After 9/11:
“Those who feel like they can intimidate our fellow citizens to take out their anger don’t represent the best of America, they represent the worst of humankind. The face of terror is not the true faith of Islam. That’s not what Islam is all about. Islam is peace.” --Conservative President George W. Bush
The Worst of Humankind:
"If America is ever the target of a nuclear attack, Dirty Bomb or an all out Nuclear Bomb, we must send these Dirt-Bag Pigs directly to HELL once and for all. And if this administration is NOT going to do anything against these Muslims, then we will have to deal with the administration and get them out of office, and put in someone will guts and the balls to do what is necessary. America can no longer live under the threat of these ANIMALS on a daily basis. Call me a right wing Islamophobe, or what ever else you want to, but enough is more than enough. Yes, Islam is a terrorist religion. You want proof? Read a newspaper! Read what these Radical Islimeballs are up to these days. They won't rest until they see us destroyed and dead. Let's not wait for that . How many innocent people have to be killed by these terrorist, until we do what we have to do? America is not used to have to fight a war the way that we have been fighting the past few. We have the capability of winning a war in a week or less, so why are our hands tied behind our backs? Where is the leadership of the past? Where are the Generals Patton and MacArthur of the 21st century? Are they only a memory?" --conservative blogger
"He [Bush] never said that we would close up Gitmo and release these animals! He never said let’s forget and forgive, and he would have never allowed the incredibly insensitive idea of a Mosque to be built on that site. Instead of acknowledging that radical Islam is the problem, we elected a president who blames America, whose idea of freedom is the right for women to suffer in silence behind a veil and those who damn our country or believe that our own government staged the tragedy of September 11th, ...Yes, we are placating and appeasing the Muslim world, the same Muslim world that was celebrating and dancing in the streets on 9/11 and still do.

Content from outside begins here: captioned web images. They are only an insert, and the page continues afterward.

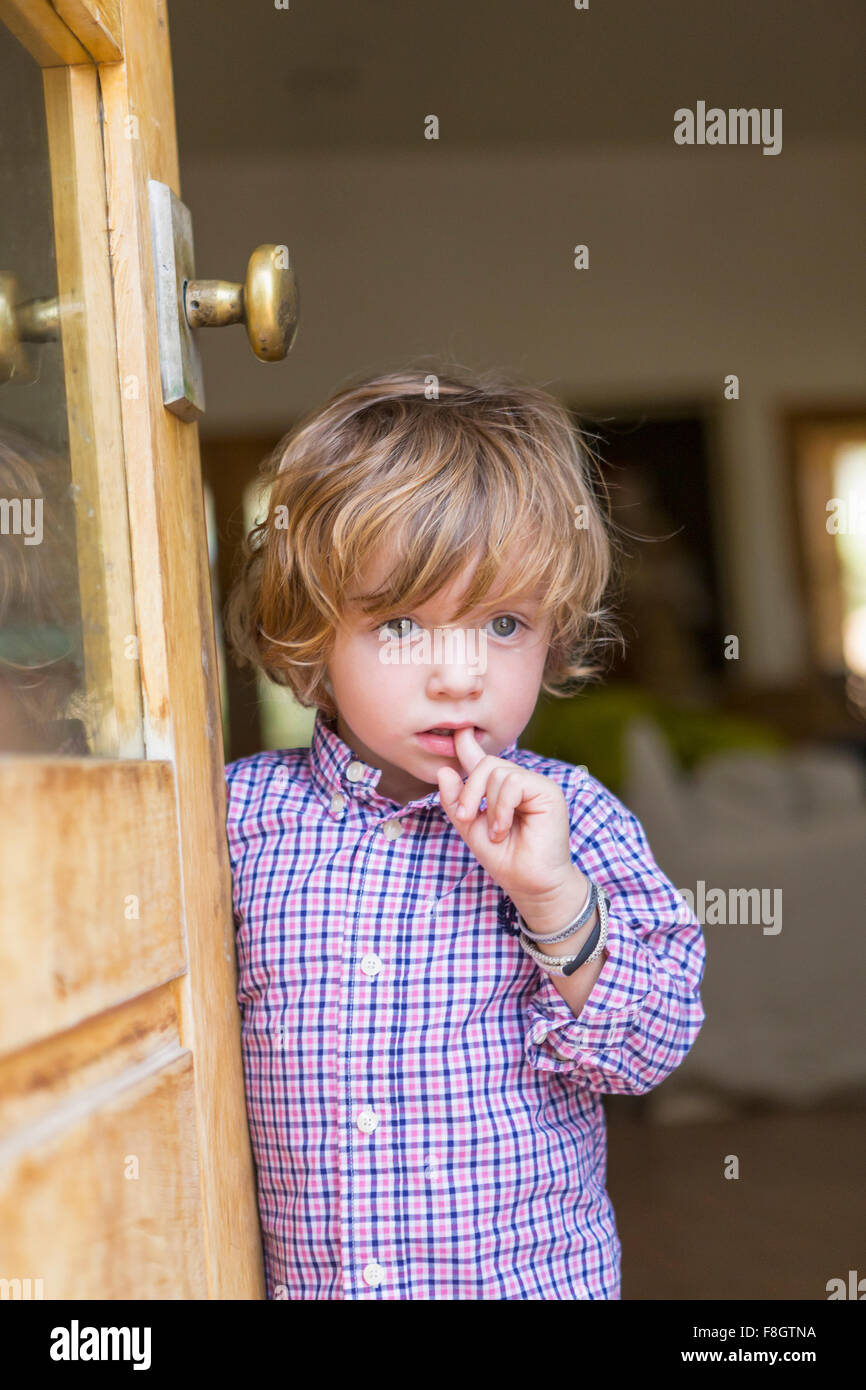 Caucasian boy looking out open door Stock Photo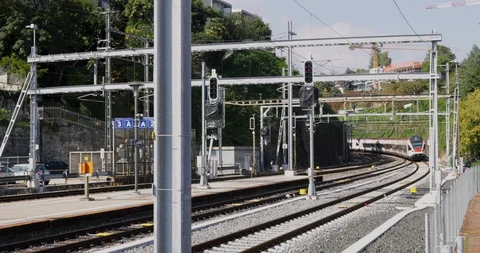 Train passes at great speed and arrives at the station. Commuter train from S Stock Footage 116730036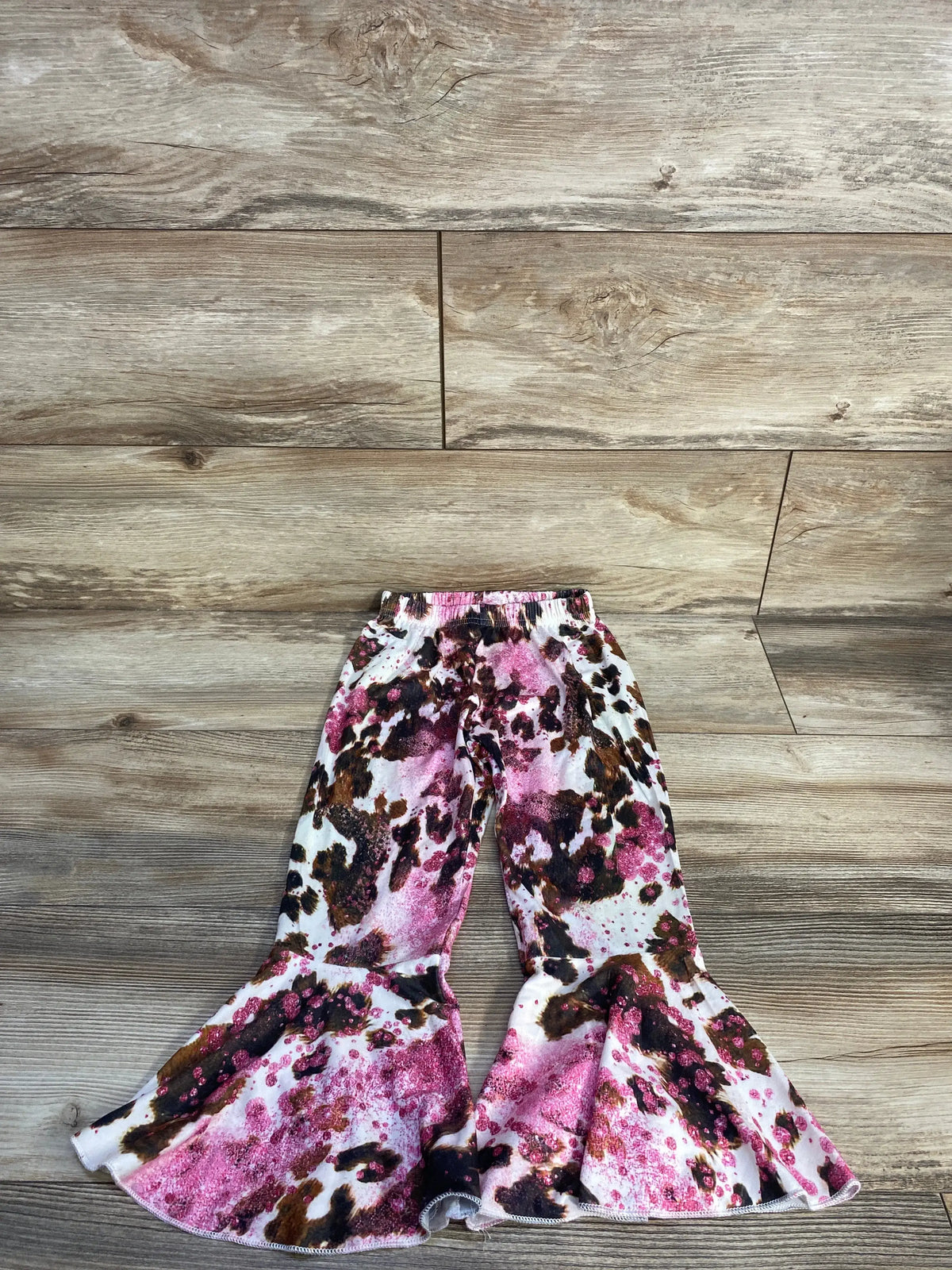 Front view of Shein white patterned flared pants, size 4T, showcasing an elastic waistband and flared legs on a wood floor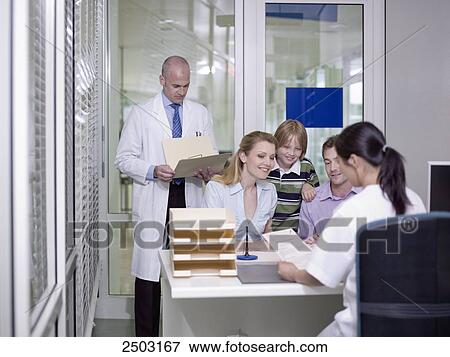 Stock Photo - Couple with their son discussing with female doctor . Fotosearch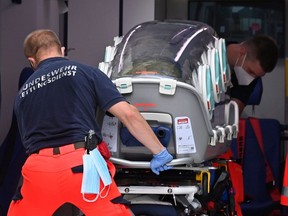 German army emergency personnel load into their ambulance the stretcher that was used to transport Russian opposition figure Alexei Navalny on August 22, 2020 at Berlin's Charite hospital.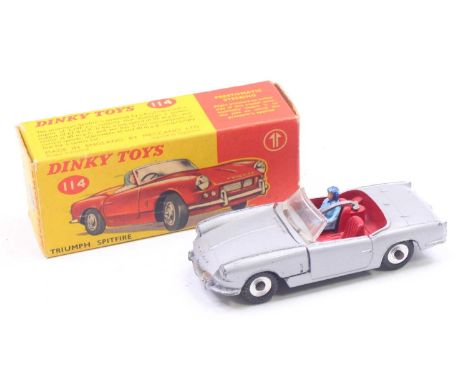 Dinky Toys No.114 Triumph Spitfire saloon comprising of silver body with red interior, spun hubs and driver figure, housed in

The same Muslim that want to push Israel into the sea. . Instead standing up to those terrorist threats, we placate to them because we are afraid that we may offend these mass murdering radical Muslims. And we dare not offend them by even publishing cartoons about them. Sure it was fine to paint George Bush as a dumb Chimp and to criticize and make fun of the way he pronounced the word Nuclear. But don't dare to publish a cartoon of Obama as a Black anything. And don't dare to mention the fact that Michelle Obama has a big ass or that she and her Hubby love to pig out on Hamburgers etc while she preaches Healthy Eating habits." --conservative blogger
Porochista Khakpour, Op-Ed, New York Times, 9/11/2011
"Just six days after 9/11, at the Islamic Center of Washington, President Bush said, “Those who feel like they can intimidate our fellow citizens to take out their anger don’t represent the best of America, they represent the worst of humankind.” He added: “The face of terror is not the true faith of Islam. That’s not what Islam is all about. Islam is peace.” Did that assurance mean more to white Americans coming from someone who looked like them?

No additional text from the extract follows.